• [Records for the exercise]
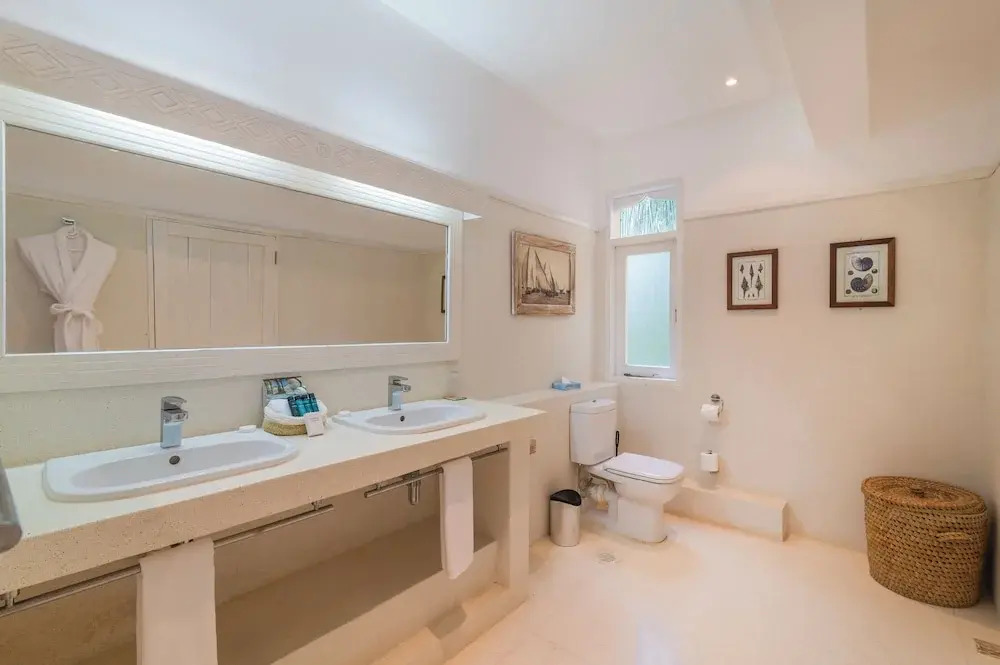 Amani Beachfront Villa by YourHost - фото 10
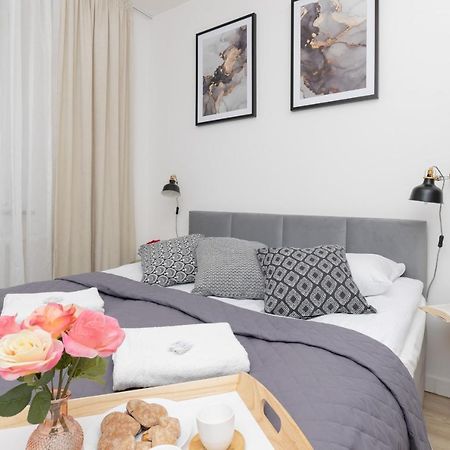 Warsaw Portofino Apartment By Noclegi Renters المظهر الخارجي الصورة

==

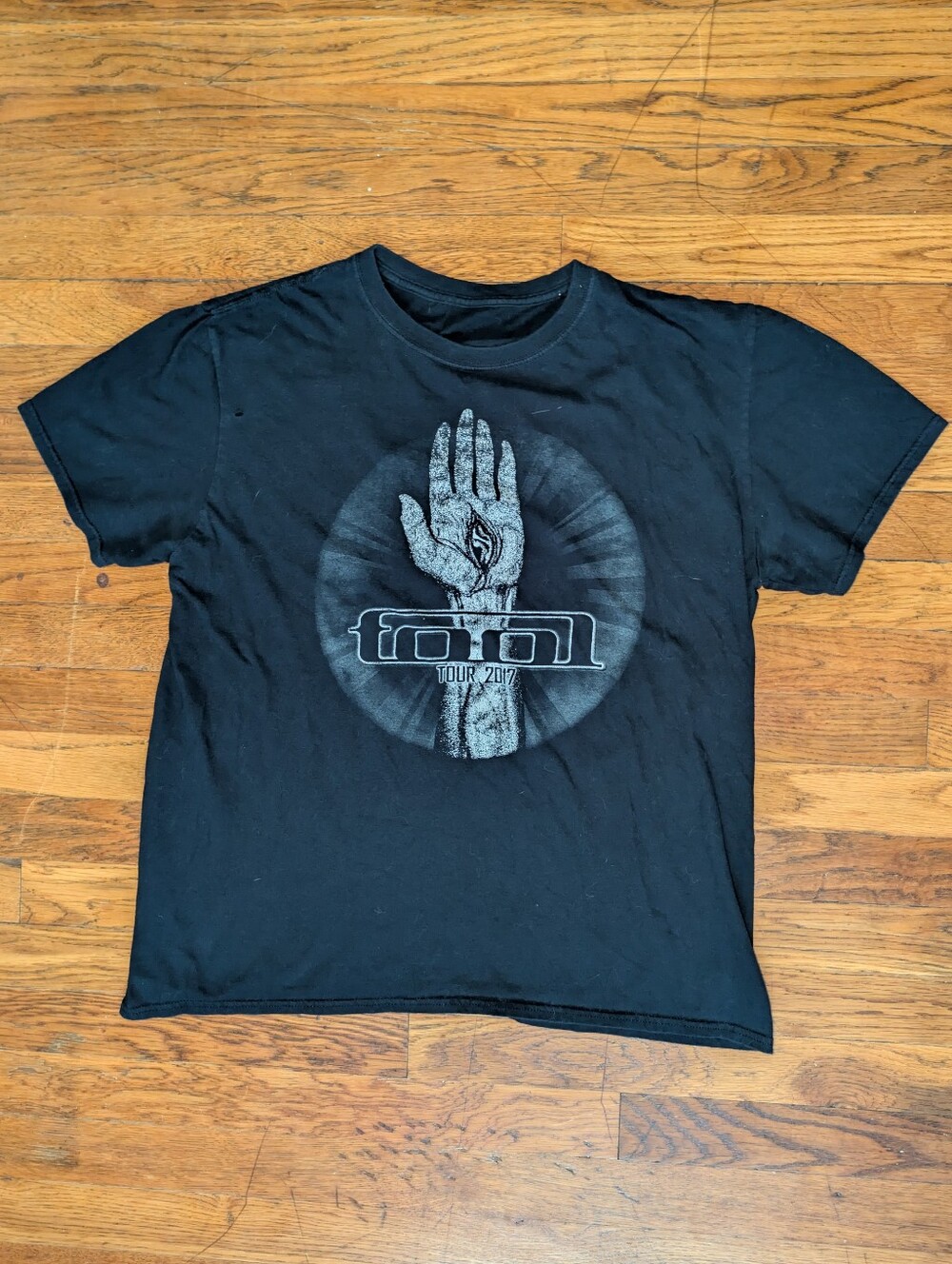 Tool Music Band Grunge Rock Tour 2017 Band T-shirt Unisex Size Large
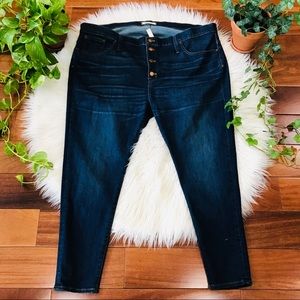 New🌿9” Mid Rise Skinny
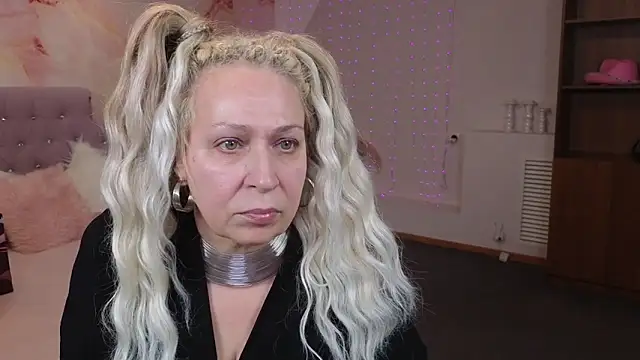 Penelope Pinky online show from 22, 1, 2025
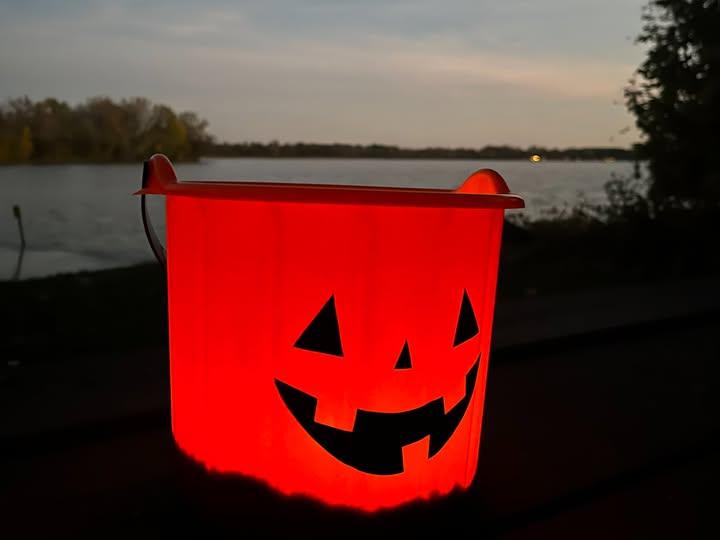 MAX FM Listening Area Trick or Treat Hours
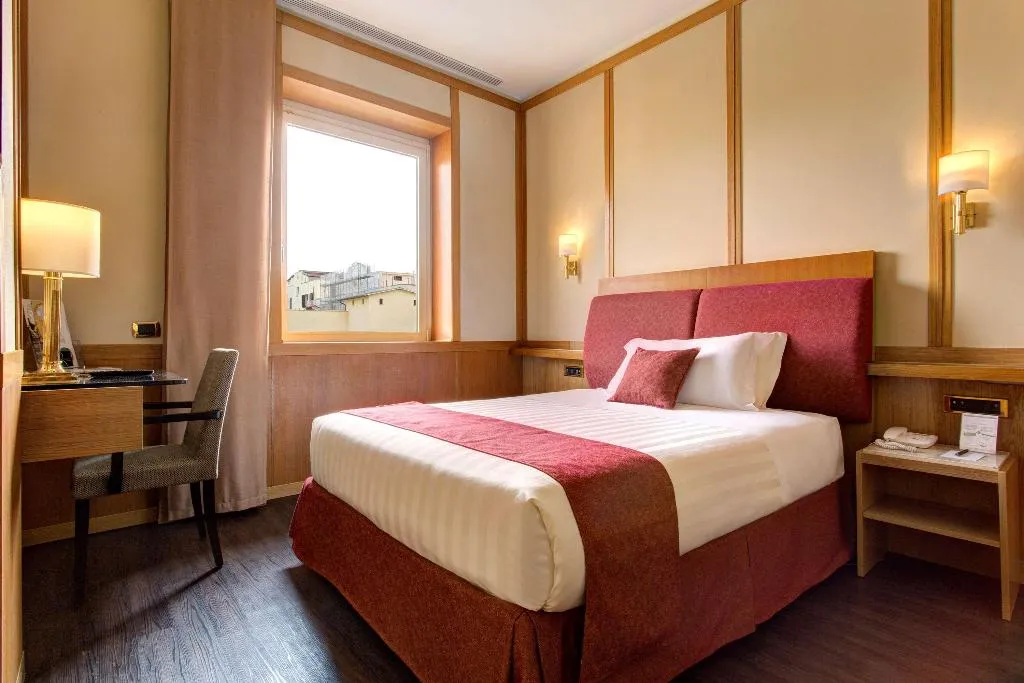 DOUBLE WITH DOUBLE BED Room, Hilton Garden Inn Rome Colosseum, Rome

• [Exercise] From the entries above, copy exactly the lines starting at the one with "Tool Music Band" and stopping at the one with "DOUBLE WITH DOUBLE", keeping both ends. Drop the pictures.

• [Your response]
 Tool Music Band Grunge Rock Tour 2017 Band T-shirt Unisex Size Large
 New🌿9” Mid Rise Skinny
 Penelope Pinky online show from 22, 1, 2025
 MAX FM Listening Area Trick or Treat Hours
 DOUBLE WITH DOUBLE BED Room, Hilton Garden Inn Rome Colosseum, Rome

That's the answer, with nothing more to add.